__Exercise directions__: Copy the material below verbatim from the line with "appartamento in affitto" to the line with "GENUINE LISTING |", both lines included, omitting pictures and every line outside that range.

__Extracted data__:
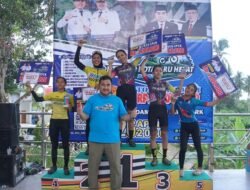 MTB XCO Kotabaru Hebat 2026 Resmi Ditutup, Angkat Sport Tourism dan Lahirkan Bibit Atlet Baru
...
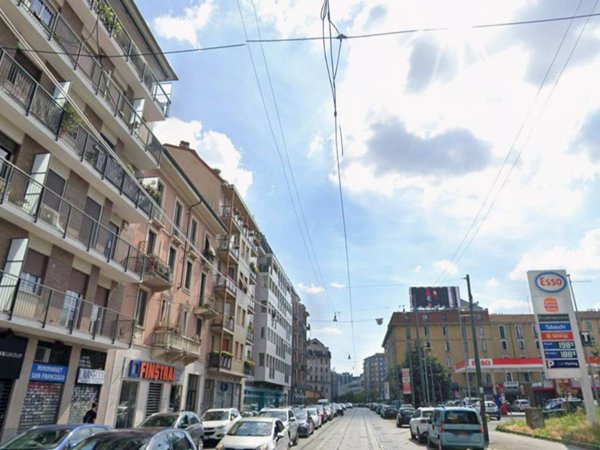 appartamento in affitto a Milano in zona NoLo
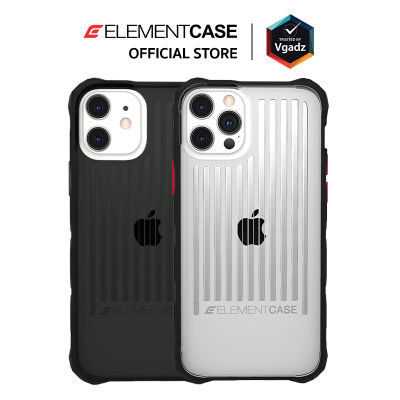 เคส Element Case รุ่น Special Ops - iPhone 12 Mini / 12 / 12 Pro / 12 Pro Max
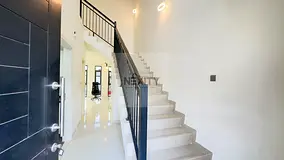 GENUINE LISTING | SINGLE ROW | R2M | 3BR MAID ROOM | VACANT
--
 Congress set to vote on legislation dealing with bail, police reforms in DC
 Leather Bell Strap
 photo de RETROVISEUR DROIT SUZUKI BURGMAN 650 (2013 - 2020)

__Solution for this problem__:
 appartamento in affitto a Milano in zona NoLo
 เคส Element Case รุ่น Special Ops - iPhone 12 Mini / 12 / 12 Pro / 12 Pro Max
 GENUINE LISTING | SINGLE ROW | R2M | 3BR MAID ROOM | VACANT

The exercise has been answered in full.